Saturday, April 28, 2012

A "Call to Faith by Breaking Faith," by Ross Douthat, NYT




From the tenor of this article it seems that postmodern Christianity has a lot of issues to work through - its history, its message, its mission, its ministries, it teachings. One that will require the many hearts, hands and minds of Christiandom around us. And that fact alone makes me confident in Christianity's future after coming through so large a parade of this past 20th Century's (including modernism's!) foibles and follies. Rather than despair at the great task set ahead of us it should be look upon as one of providential opportunity and blessing. One filled with possibility and encouragement. For there can be no despair for the world - nor for Christians specifically - when Jesus is the focus of our discussions and our relationships with one another. Surely, the only despair can come from our errant perceptions and idolatries surrounding Jesus in what we deem Christianity to be - or should be - rather than what it really is, and can be. Let us learn from the past, listen to today's critics, and discover a more substantive faith that can comport with today's global environment and mutli-cultural issues, problems and greatness.

We need Christians who can re-vision the world around us - not Christian revisionists who stick their heads in the proverbial sand like an ostrich and refuse to update their faith and their people! People of God who understand how to minister and preach to the needs of humanity without losing the soul-and-spirit of the biblical themes of God's love and redemption, and the grace and forgiveness found in Christ Jesus our Savior and Lord. Several of the people we have been following here in this web blog are mentioned below (sic, Dr. Roger Olson and Miroslav Volf). And it is to this wisdom of God's discerning body of believers that will come the Church's future directions and goals through providentially placed thinkers and contemporary theologs.

Be at peace then and know that God is bigger than us. That God's Kingdom will surely invade the Age of Man to lead humanity out from its sin and woe by a heavenly Child come to be our Savior-Messiah. Be as little children then. And be at peace in your child-like faith. For God is great and can do marvelous things beyond our imaginations.

R.E. Slater
April 28, 2012





Breaking Faith

‘Bad Religion,’ by Ross Douthat
April 27, 2012


From “God’s Controversy With New England,” Michael Wigglesworth’s 1662 call to repentance, to the latest campaign autobiography by a presidential aspirant, the jeremiad has been one of the most durable literary forms throughout American history. Typically, the author identifies some golden age, one just now dissolving in the rearview mirror; recounts the slippery path of declension; and then prescribes an amendment of ways in order to avert further disaster.
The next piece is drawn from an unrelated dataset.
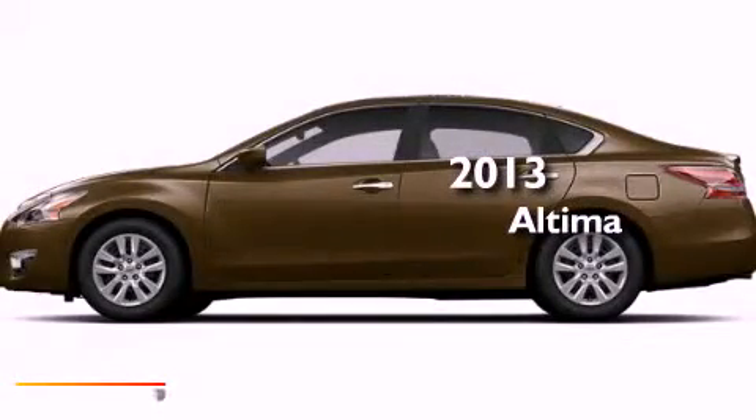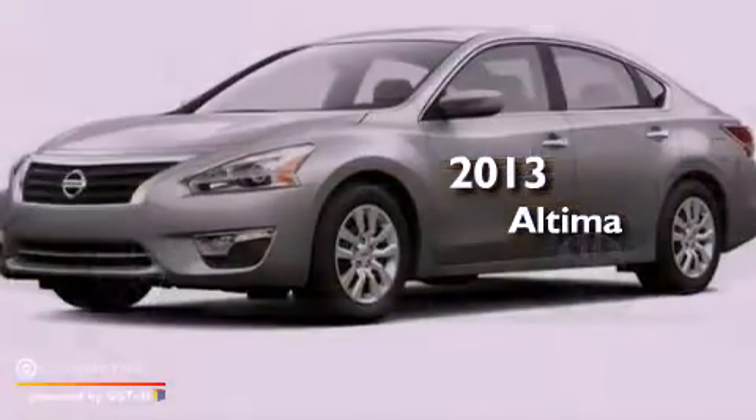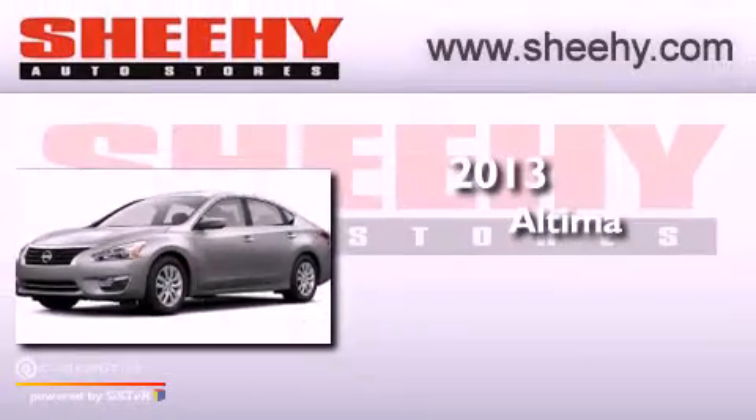This is a brand new 2013 Nissan Altima. This four-door sedan has a continuously variable transmission and an inline four-cylinder engine.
Ross Douthat’s contribution to this genre, “Bad Religion: How We Became a Nation of Heretics,” laments the departure from what he calls “a Christian center,” which “has helped bind together a teeming, diverse and fissiparous nation.” Absent a national church, he argues, Christianity “has frequently provided an invisible mortar for our culture and a common vocabulary for our great debates.”

Douthat’s halcyon age is the postwar period, especially the 1950s. Mainline Protestantism was flourishing, and Roman Catholics, having demonstrated their patriotism in World War II, enjoyed new status as part of Will Herberg’s ­“Protestant-Catholic-Jew” America. “A kind of Christian convergence was the defining feature of this era,” Douthat asserts, and he cites the work of Reinhold Niebuhr, Billy Graham, Fulton Sheen and Martin Luther King Jr. as evidence that “the divided houses of American Christendom didn’t just grow, they grew closer together, re-engaged with one another after decades of fragmentation and self-segregation.”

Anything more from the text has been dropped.